By analyzing existing cross correlation between Voya Retirement Growth and Great West Loomis Sayles, you can compare the effects of market volatilities on Voya Retirement and Great-west Loomis and check how they will diversify away market risk if combined in the same portfolio for a given time horizon. You can also utilize pair trading strategies of matching a long position in Voya Retirement with a short position of Great-west Loomis. Check out your portfolio center. Please also check ongoing floating volatility patterns of Voya Retirement and Great-west Loomis.

Diversification Opportunities for Voya Retirement and Great-west Loomis

0.85
  Correlation Coefficient

Very poor diversification

The 3 months correlation between Voya and Great-west is 0.85. Overlapping area represents the amount of risk that can be diversified away by holding Voya Retirement Growth and Great West Loomis Sayles in the same portfolio, assuming nothing else is changed. The correlation between historical prices or returns on Great West Loomis and Voya Retirement is a relative statistical measure of the degree to which these equity instruments tend to move together. The correlation coefficient measures the extent to which returns on Voya Retirement Growth are associated (or correlated) with Great-west Loomis. Values of the correlation coefficient range from -1 to +1, where. The correlation of zero (0) is possible when the price movement of Great West Loomis has no effect on the direction of Voya Retirement i.e., Voya Retirement and Great-west Loomis go up and down completely randomly.

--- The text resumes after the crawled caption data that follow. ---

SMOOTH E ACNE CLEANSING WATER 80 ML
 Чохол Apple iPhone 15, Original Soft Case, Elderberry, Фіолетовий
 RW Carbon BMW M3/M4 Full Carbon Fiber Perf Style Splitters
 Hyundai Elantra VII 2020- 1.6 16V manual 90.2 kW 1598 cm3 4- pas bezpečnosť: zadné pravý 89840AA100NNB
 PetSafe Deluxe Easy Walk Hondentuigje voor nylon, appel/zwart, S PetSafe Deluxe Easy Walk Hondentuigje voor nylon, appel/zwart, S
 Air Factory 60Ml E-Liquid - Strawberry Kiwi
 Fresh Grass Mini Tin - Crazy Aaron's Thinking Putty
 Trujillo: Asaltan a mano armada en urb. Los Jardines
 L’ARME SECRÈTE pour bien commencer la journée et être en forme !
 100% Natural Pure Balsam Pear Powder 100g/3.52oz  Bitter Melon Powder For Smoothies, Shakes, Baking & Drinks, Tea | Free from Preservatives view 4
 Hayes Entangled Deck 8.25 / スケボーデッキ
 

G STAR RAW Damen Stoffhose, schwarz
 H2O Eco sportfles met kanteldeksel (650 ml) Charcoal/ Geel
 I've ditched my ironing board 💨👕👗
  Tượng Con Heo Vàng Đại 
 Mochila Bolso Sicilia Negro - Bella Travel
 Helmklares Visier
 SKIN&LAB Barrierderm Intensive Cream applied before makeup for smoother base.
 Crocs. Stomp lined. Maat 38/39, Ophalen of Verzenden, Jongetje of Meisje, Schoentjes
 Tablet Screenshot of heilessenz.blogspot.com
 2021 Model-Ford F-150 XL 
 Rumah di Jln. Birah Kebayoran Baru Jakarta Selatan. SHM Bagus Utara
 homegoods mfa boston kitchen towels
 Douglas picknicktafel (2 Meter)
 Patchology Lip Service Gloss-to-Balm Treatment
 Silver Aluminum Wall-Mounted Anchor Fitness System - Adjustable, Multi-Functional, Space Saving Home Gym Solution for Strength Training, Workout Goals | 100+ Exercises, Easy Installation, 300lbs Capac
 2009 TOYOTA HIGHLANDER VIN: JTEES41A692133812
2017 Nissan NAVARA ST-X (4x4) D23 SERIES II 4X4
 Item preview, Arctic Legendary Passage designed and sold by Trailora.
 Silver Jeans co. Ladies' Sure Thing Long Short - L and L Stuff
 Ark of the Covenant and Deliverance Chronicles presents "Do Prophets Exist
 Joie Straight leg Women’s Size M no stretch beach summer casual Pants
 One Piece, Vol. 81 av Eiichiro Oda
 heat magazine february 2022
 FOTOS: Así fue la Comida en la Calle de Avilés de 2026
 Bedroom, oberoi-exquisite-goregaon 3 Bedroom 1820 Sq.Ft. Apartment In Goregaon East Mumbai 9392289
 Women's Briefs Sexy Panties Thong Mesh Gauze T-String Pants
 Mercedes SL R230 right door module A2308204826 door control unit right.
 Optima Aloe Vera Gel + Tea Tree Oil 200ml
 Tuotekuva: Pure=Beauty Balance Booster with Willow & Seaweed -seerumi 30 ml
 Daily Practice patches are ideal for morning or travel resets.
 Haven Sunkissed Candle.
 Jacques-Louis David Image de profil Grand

Pair Corralation between Voya Retirement and Great-west Loomis

Assuming the 90 days horizon Voya Retirement Growth is expected to generate 0.53 times more return on investment than Great-west Loomis. However, Voya Retirement Growth is 1.89 times less risky than Great-west Loomis. It trades about 0.09 of its potential returns per unit of risk. Great West Loomis Sayles is currently generating about 0.04 per unit of risk. If you would invest  931.00  in Voya Retirement Growth on October 21, 2024 and sell it today you would earn a total of  279.00  from holding Voya Retirement Growth or generate 29.97% return on investment over 90 days.
Time Period3 Months [change]
DirectionMoves Together 
StrengthStrong
Accuracy100.0%
ValuesDaily Returns

Voya Retirement Growth  vs.  Great West Loomis Sayles

 Performance 
       Timeline  
Voya Retirement Growth 

Risk-Adjusted Performance

0 of 100

 
Weak
 
Strong
Very Weak
Over the last 90 days Voya Retirement Growth has generated negative risk-adjusted returns adding no value to fund investors. In spite of fairly strong basic indicators, Voya Retirement is not utilizing all of its potentials. The current stock price disturbance, may contribute to short-term losses for the investors.
Great West Loomis 

Risk-Adjusted Performance

2 of 100

 
Weak
 
Strong
Weak
Compared to the overall equity markets, risk-adjusted returns on investments in Great West Loomis Sayles are ranked lower than 2 (%) of all funds and portfolios of funds over the last 90 days. In spite of fairly strong basic indicators, Great-west Loomis is not utilizing all of its potentials. The current stock price disturbance, may contribute to short-term losses for the investors.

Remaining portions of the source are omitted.